_Exercise brief_. Return all the entries below exactly, except for the images they hold.

(Beginning of Exercise input)

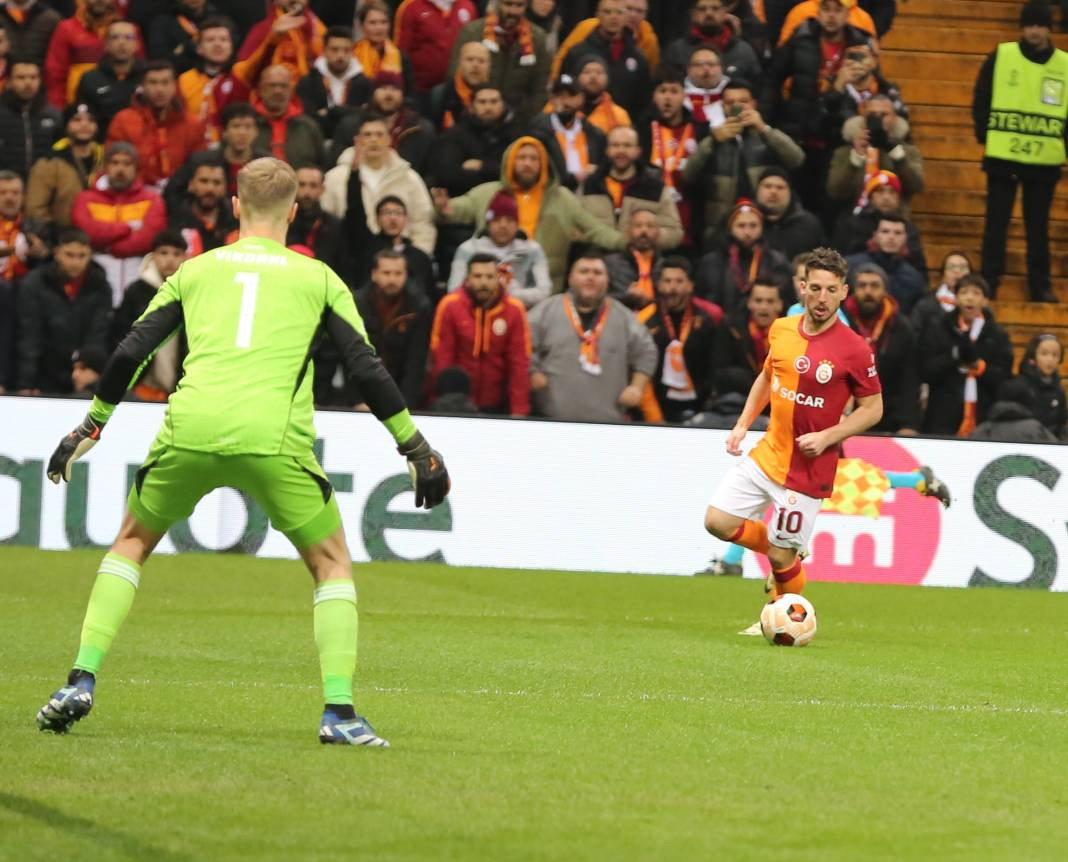 Muslera devleşti Icardi fişi çekti. Galatasaray taraftarı öldü öldü dirildi - Resim: 102
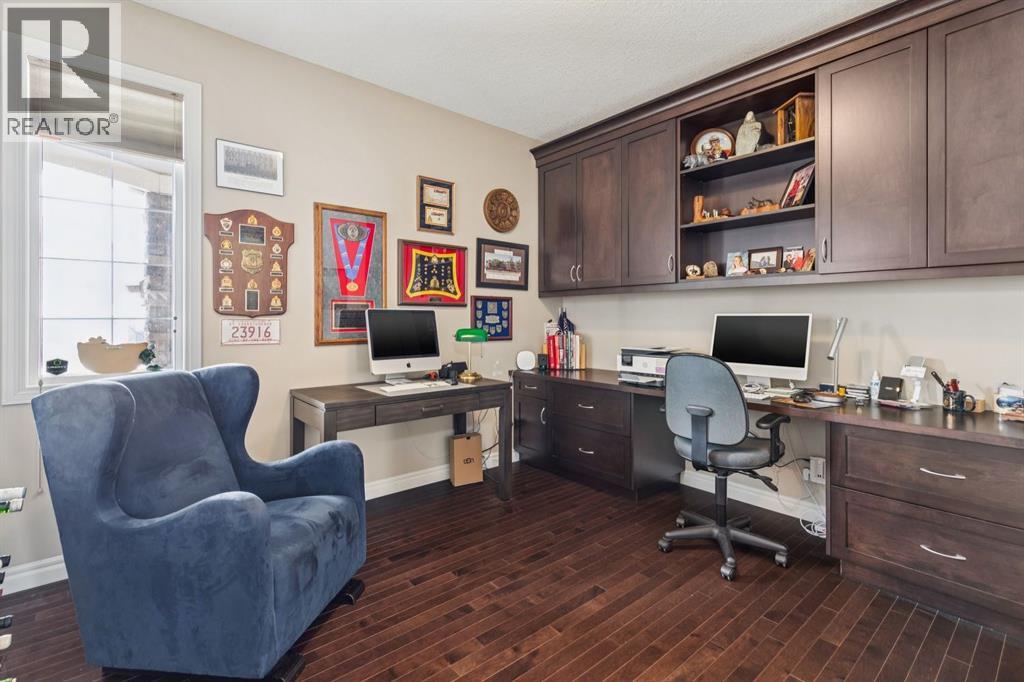 7 Cooperstown Place SW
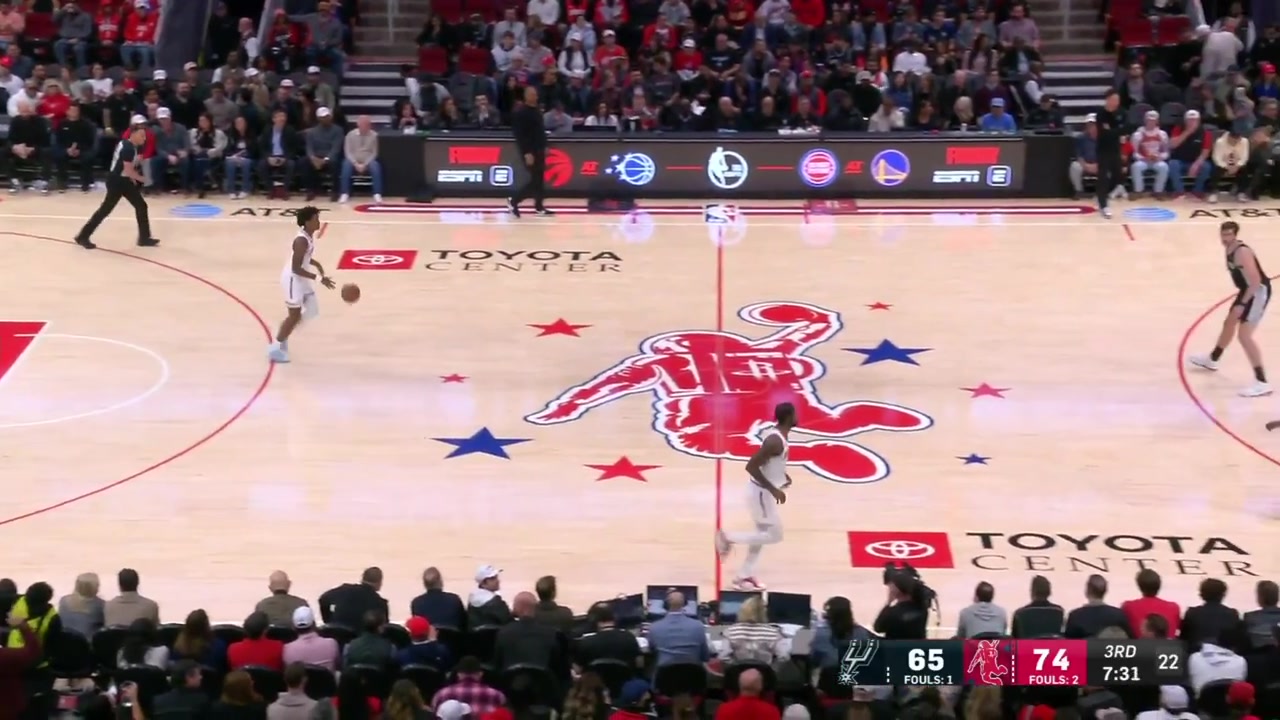 Amen Thompson with the absolutely filthy poster dunk on Luke Kornet with replays Multi-broadcast - EN1EN2ESPT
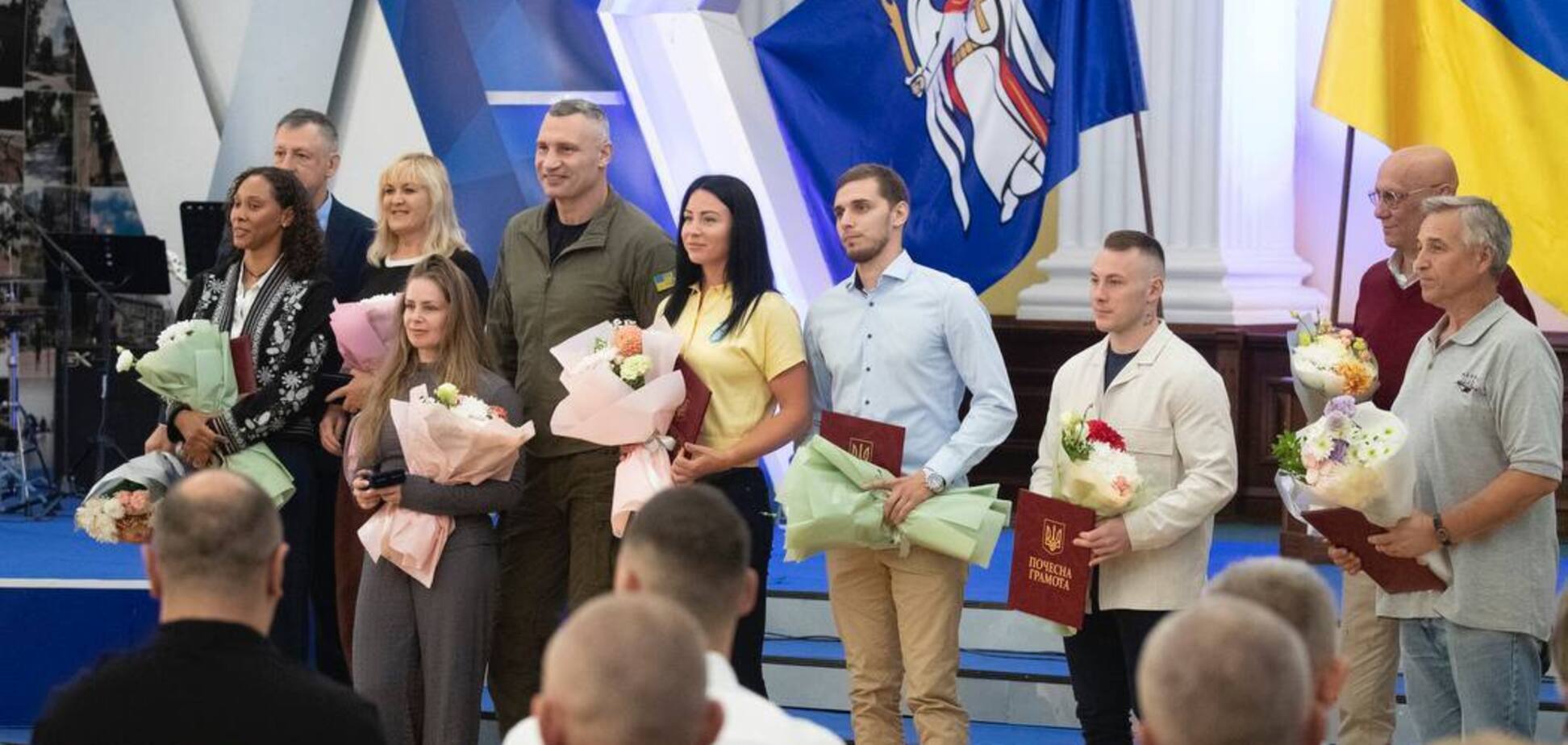 'Преодолеваем испытания, но побеждаем!' Кличко отметил столичных спортсменов, тренеров и ветеранов спорта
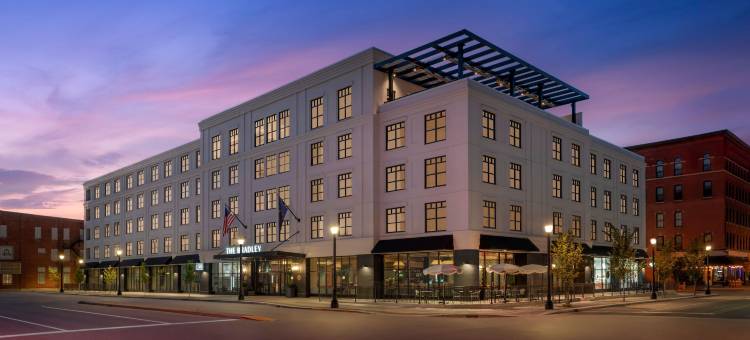 布拉德利酒店(The Bradley)图片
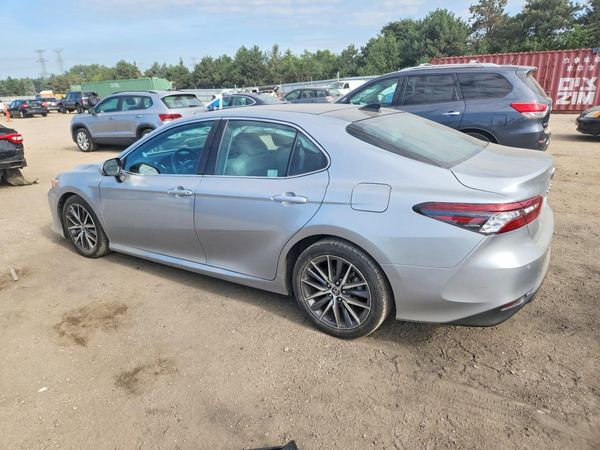2023 TOYOTA CAMRY XLE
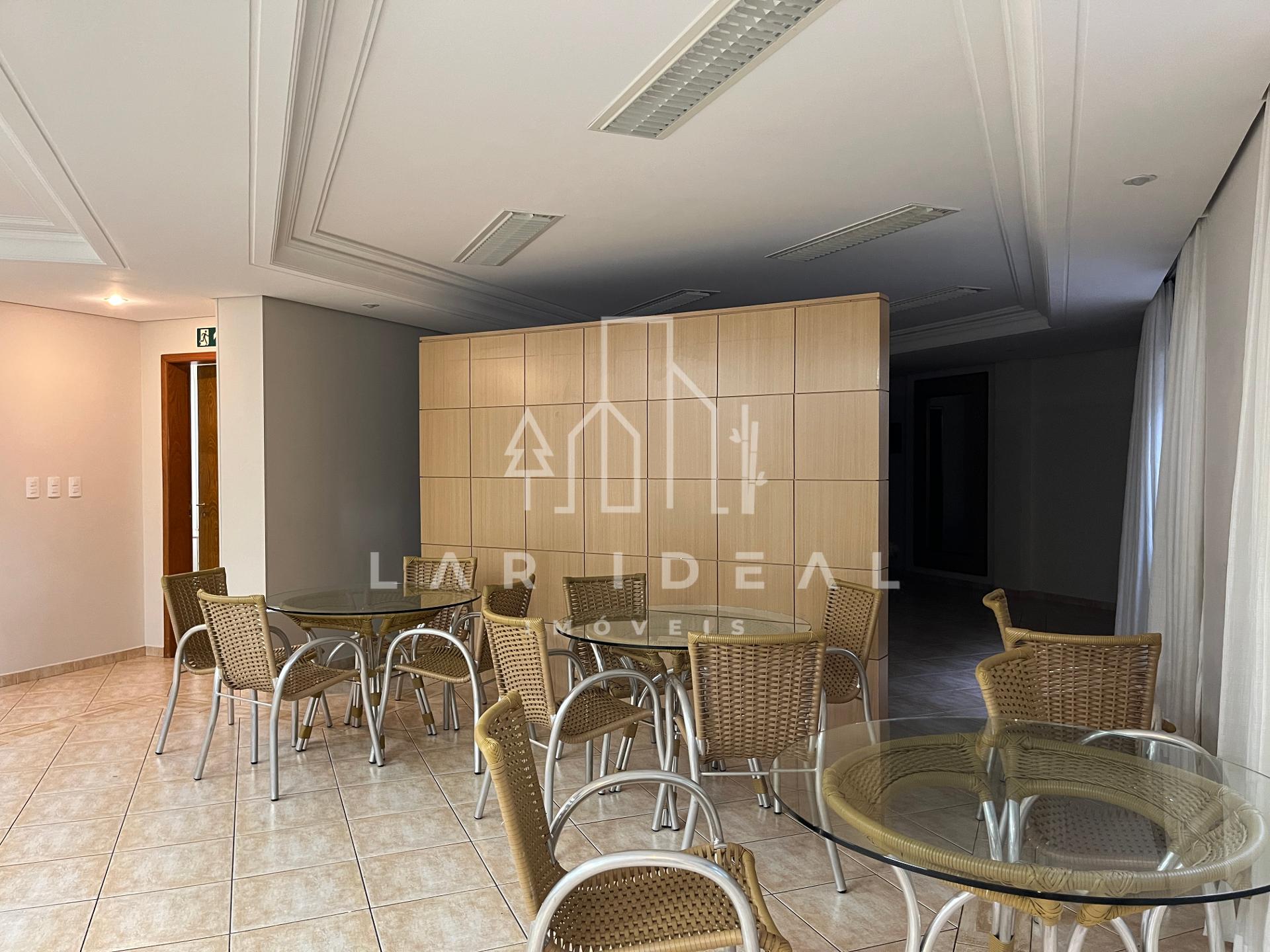 Apartamento Semimobiliado à venda no Edificio Maison Classic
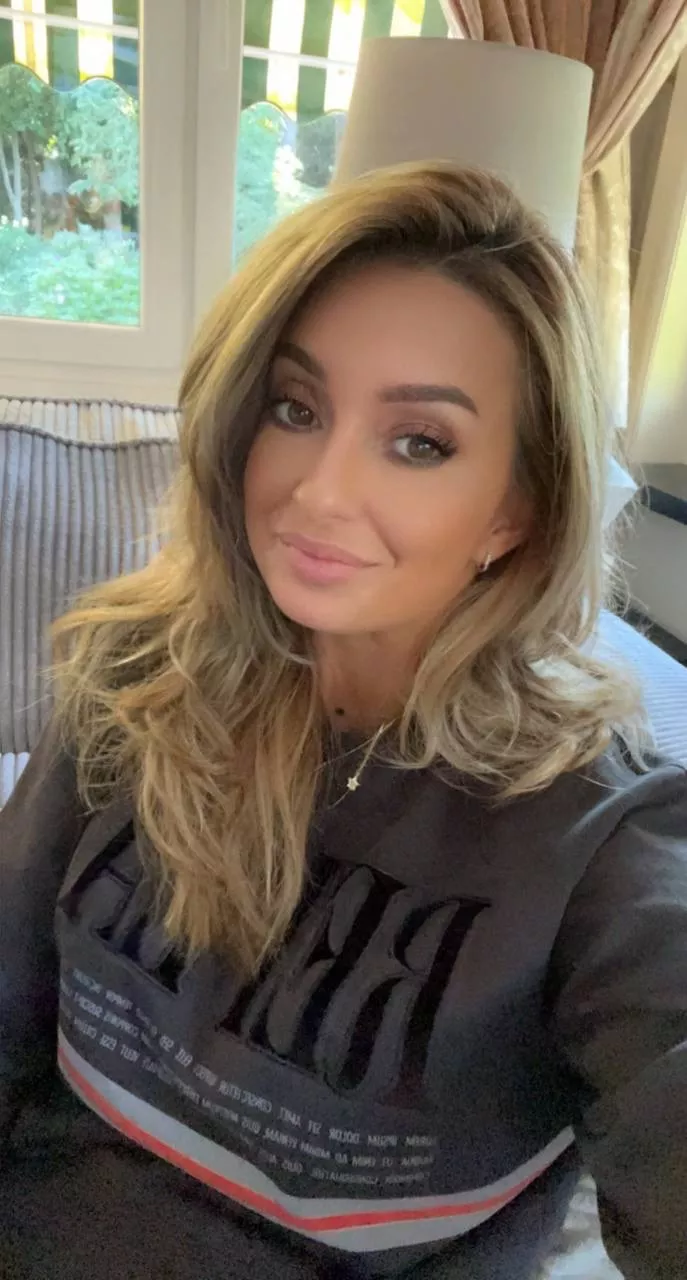 Kiss them daddy 🥺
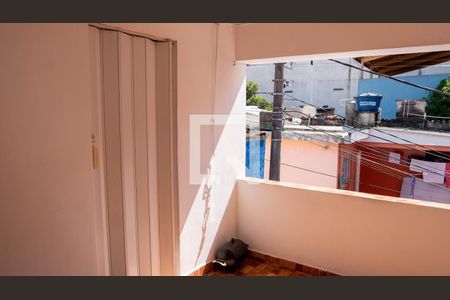 Casa à venda com 205m², 3 quartos e 2 vagas Casa à venda com 205m², 3 quartos e 2 vagasÁrea de Serviço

(End of Exercise input)

_Problem solution_.
 Muslera devleşti Icardi fişi çekti. Galatasaray taraftarı öldü öldü dirildi - Resim: 102
 7 Cooperstown Place SW
 Amen Thompson with the absolutely filthy poster dunk on Luke Kornet with replays Multi-broadcast - EN1EN2ESPT
 'Преодолеваем испытания, но побеждаем!' Кличко отметил столичных спортсменов, тренеров и ветеранов спорта
 布拉德利酒店(The Bradley)图片
2023 TOYOTA CAMRY XLE
 Apartamento Semimobiliado à venda no Edificio Maison Classic
 Kiss them daddy 🥺
 Casa à venda com 205m², 3 quartos e 2 vagas Casa à venda com 205m², 3 quartos e 2 vagasÁrea de Serviço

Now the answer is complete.